Il n’y aura pas de révolution sans femme

« Tu ne devrais pas rentrer seule à cette heure là »… « Fais attention, tu devrais attacher tes cheveux »… « A ta place, le maquillage, j’éviterais ! »

Toutes ces injonctions que les jeunes femmes reçoivent en permanence partent d’un seul et même postulat : la femme est une victime potentielle. Une proie susceptible de tomber dans la gueule d’un prédateur assoiffé, qui n’a d’autre choix que d’assouvir son besoin irrépressible. Les hommes qui sifflent, les voitures qui s’arrêtent, les regards libidineux d’hommes (qui ont parfois 3 fois leur âge) …Voici l’univers normale d’une adolescente de l’espace méditerranéen. Après avoir bravé tous ces obstacles, une fois rentrée à la maison, elle pourrait se sentir soulagée. Enfin en sécurité. Mais les reproches pleuvent.

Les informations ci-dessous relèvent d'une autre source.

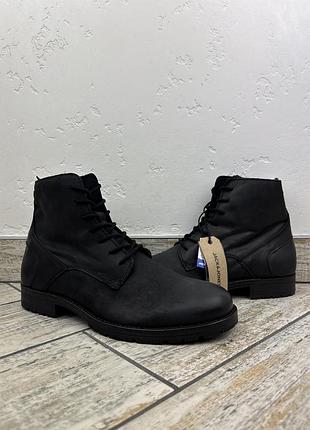 Jack jones чоботи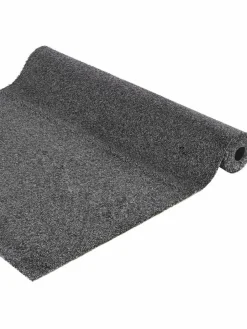 Aktiv Cotton|Kibek Discount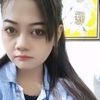 aries_girl944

« Tu es sortie comme ça ? ». Le « comme ça » étant déclinable à l’envie (voile intégrale, string qui dépasse, talons, rouge à lèvres, mèche de cheveux, survêtement volontairement moche…). Tout sera prétexte à commentaire. La société entière se sent autorisée à constater, épier, juger le comportement des femmes.

Il faut être jolie mais pas trop. Intelligente mais pas trop. Avoir de la personnalité mais pas trop. Ces injonctions schizophrènes font le lit de générations entières de femmes qui seront des parfaites consommatrices d’une industrie fondée sur leur insatisfaction entretenue.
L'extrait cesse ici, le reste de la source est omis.